Random testing side-steps the work, and fallibility, of partition testing by choosing input values randomly from their domain. If a can be any number between 0 and infinity, then let a random number generator pick it.

Random testing isn't blind to understanding what can go wrong in a function. It's no reason to forget to test edge cases. There is a procedure for constructing random tests that are biased towards finding edge cases.

  1. Identify the whole domain of each parameter and the set of parameters.
  2. Assign weights to bias selection on that domain.
  3. Sample from the parameters, given the weights.

For instance, if a parameter were a string, you wouldn't generate from all random strings. You'd sample first for a string length, with assurance that lengths 0 and 1 are included. Then you'd draw values in the string.

The test case generation in this library can help bias random testing. For instance, you could assign one partition to edge cases near a=0, one partition to general cases for 0.1 < a < 1000, and one partition to high cases, 1e7 < a < Inf. Let the test case generator say which of the low, mid, or high cases to choose, and then randomly choose values within each test case.

Test selection

We can generate a lot of tests. How do we know they are a good set of tests? I'd like to make lots of tests and then keep only those that are sufficiently different from the others that they would find different failures. I don't see any of these tools currently in Julia.

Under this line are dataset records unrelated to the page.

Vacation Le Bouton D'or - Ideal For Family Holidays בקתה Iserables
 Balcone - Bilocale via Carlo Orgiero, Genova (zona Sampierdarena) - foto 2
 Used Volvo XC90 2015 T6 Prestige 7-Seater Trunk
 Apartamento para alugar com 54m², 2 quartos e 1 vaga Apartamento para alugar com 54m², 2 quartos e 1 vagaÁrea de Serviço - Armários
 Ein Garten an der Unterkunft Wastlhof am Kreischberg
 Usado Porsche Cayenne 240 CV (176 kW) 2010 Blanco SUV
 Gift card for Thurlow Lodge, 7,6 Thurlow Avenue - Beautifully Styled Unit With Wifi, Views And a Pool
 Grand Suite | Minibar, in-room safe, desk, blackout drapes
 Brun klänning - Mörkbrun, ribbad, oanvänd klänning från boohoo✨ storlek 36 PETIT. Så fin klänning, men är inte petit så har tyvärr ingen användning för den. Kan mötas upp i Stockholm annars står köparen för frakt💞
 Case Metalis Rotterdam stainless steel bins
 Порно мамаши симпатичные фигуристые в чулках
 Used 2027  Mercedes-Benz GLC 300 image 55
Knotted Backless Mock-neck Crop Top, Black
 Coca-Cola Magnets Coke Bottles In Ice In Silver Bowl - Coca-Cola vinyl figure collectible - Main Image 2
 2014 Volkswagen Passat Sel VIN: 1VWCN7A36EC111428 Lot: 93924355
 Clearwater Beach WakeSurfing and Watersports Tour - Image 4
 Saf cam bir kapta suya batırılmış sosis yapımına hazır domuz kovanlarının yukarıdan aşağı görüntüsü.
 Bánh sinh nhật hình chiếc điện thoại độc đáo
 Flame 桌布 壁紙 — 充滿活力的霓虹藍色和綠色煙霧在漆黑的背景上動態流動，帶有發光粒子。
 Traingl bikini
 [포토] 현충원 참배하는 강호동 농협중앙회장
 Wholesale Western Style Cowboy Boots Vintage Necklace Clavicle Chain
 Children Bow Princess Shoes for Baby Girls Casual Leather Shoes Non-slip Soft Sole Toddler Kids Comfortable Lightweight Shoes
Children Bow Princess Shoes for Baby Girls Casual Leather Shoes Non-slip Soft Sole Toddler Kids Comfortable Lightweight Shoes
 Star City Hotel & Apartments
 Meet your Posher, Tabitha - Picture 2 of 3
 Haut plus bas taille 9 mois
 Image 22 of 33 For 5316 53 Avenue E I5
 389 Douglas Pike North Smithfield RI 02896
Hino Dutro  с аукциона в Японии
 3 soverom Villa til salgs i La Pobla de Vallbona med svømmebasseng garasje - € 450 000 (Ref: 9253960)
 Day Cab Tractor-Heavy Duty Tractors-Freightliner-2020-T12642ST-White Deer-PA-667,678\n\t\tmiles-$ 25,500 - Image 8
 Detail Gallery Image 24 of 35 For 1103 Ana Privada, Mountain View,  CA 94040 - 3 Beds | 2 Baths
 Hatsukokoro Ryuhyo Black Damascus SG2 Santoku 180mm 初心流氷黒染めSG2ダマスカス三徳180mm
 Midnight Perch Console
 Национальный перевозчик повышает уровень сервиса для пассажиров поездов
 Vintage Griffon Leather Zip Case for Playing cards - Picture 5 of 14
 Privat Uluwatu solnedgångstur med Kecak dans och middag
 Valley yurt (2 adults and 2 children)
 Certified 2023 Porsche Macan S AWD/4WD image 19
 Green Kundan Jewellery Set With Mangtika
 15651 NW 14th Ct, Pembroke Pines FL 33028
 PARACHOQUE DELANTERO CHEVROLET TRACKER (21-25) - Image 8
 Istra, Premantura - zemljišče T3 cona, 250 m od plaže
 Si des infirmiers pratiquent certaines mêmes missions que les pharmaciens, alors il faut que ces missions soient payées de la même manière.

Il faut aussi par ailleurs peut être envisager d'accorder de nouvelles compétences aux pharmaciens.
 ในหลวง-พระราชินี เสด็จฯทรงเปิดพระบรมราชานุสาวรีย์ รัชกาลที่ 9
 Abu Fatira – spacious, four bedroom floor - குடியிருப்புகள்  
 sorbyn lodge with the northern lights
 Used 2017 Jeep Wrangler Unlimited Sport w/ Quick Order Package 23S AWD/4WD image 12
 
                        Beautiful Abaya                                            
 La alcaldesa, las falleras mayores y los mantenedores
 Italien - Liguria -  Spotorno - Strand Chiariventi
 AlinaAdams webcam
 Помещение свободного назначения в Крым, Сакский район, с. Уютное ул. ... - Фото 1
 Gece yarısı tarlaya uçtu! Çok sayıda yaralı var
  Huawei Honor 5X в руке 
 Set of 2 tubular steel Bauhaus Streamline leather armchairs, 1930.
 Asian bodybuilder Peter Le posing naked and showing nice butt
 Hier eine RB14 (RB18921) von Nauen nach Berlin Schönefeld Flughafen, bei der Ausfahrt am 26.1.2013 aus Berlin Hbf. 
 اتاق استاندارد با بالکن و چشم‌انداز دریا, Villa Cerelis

One measure is line coverage of code. We use all-pairs in order to to generate tests that cover every path through the code. An if-then in the code makes its decision based on variables which, in some way, depend on input parameters. If we include every combination of parameters, we will tend to cover more of the decisions of the if-thens.

A better measure is mutation analysis. This technique introduces errors into the code, on the fly. Then it runs unit tests against that code in order to ask which unit tests find the same failures. If two unit tests consistently find the same failures, then delete one of them and keep the other.